Produce an exact transcription of the listing below, omitting the pictures.

Source data
· · · · · · ·
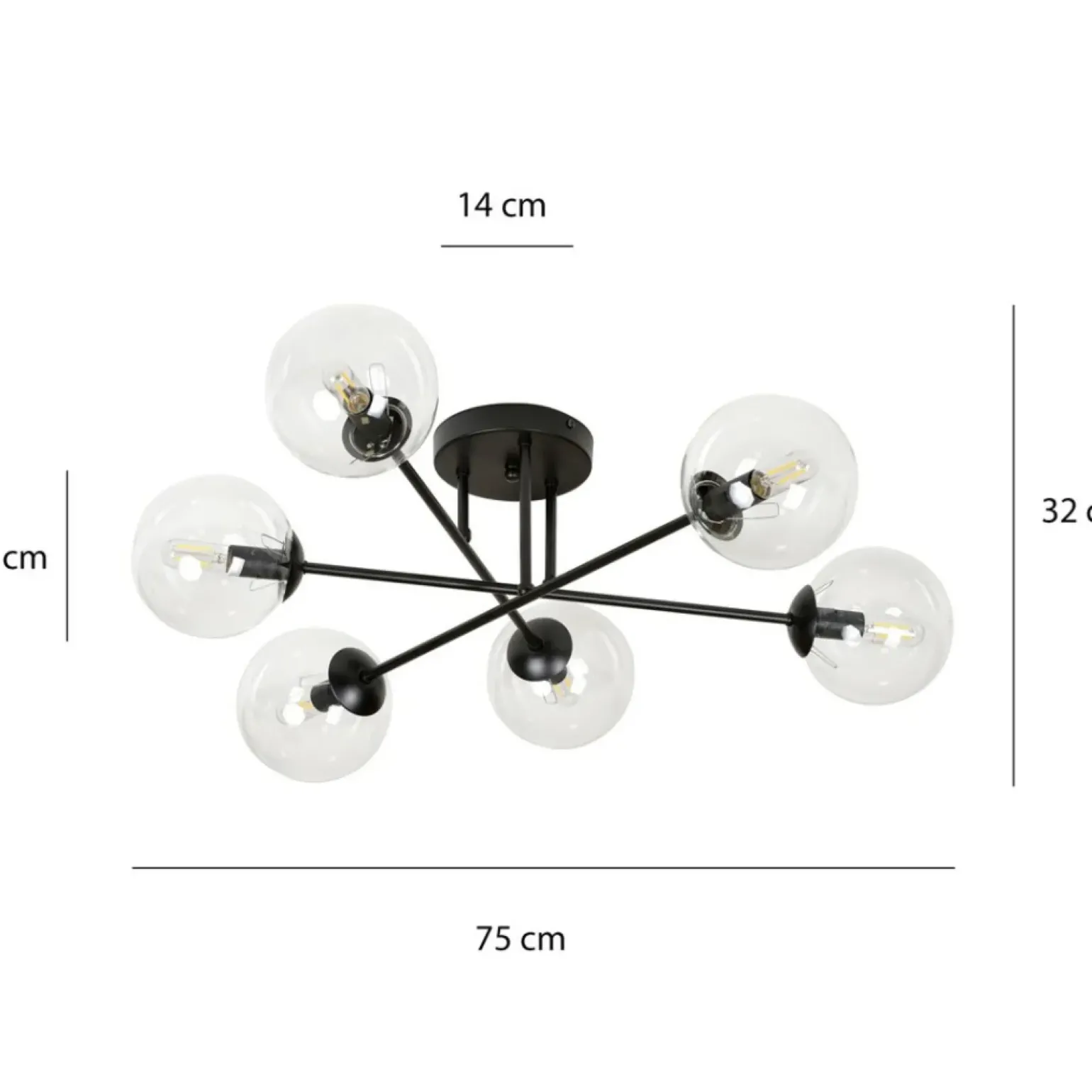 Cheap Lampa sufitowa z przezroczystymi kloszami 831/6B | Kaja Oświetlenie Żyrandole Nowoczesne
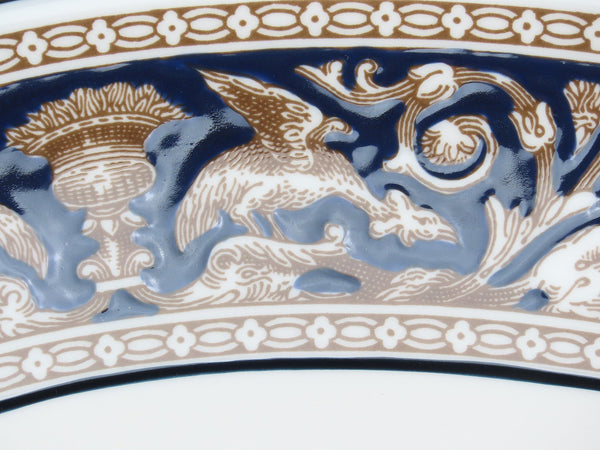 Great Wedgwood Florentine Dark Blue Navy Trim W1956 Small Platter 14" Long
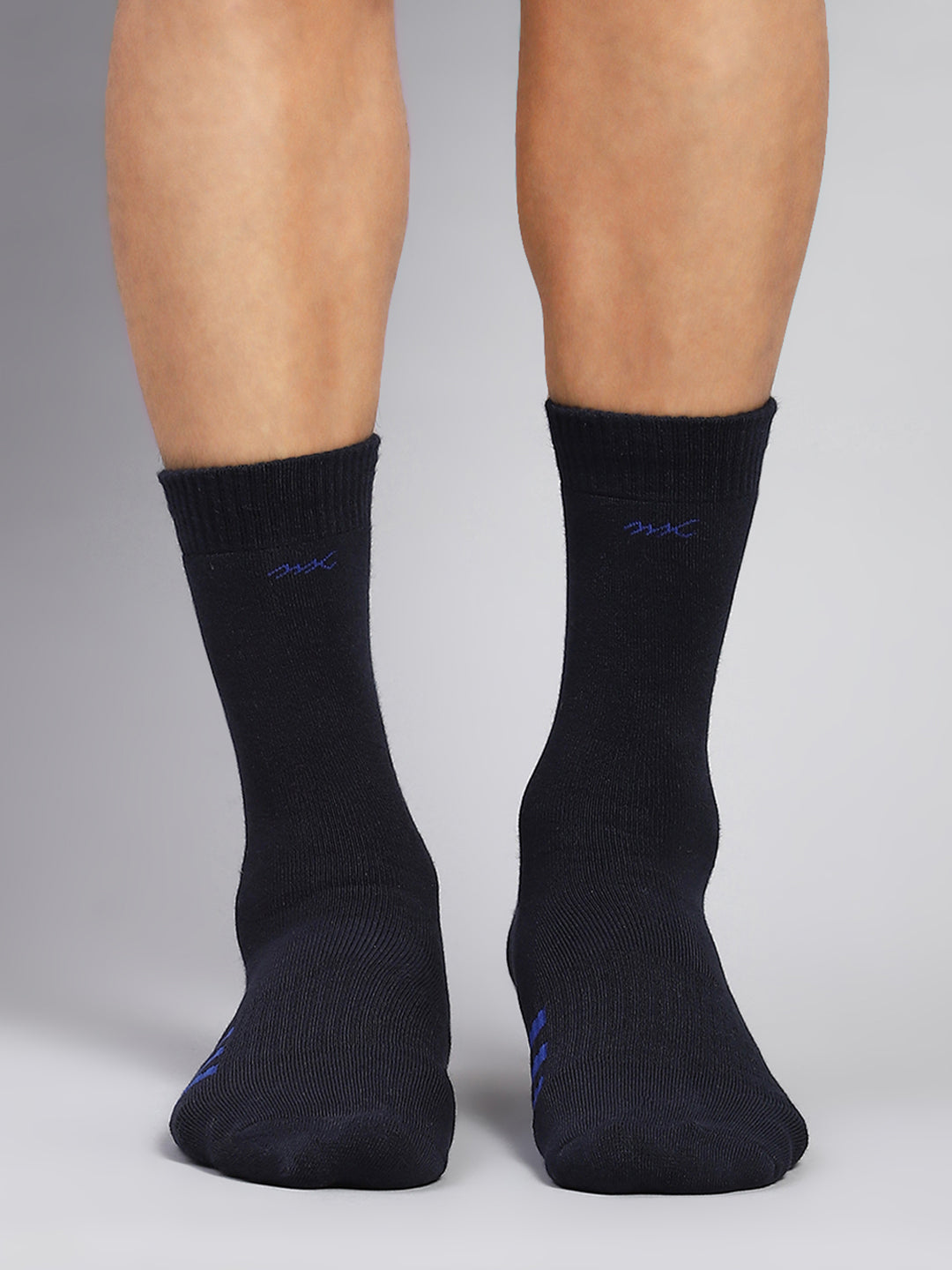 Men Cotton Blend Solid Calf Length Socks (Pack of 3)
· · · · · · ·
Answer section
 Cheap Lampa sufitowa z przezroczystymi kloszami 831/6B | Kaja Oświetlenie Żyrandole Nowoczesne
 Great Wedgwood Florentine Dark Blue Navy Trim W1956 Small Platter 14" Long
 Men Cotton Blend Solid Calf Length Socks (Pack of 3)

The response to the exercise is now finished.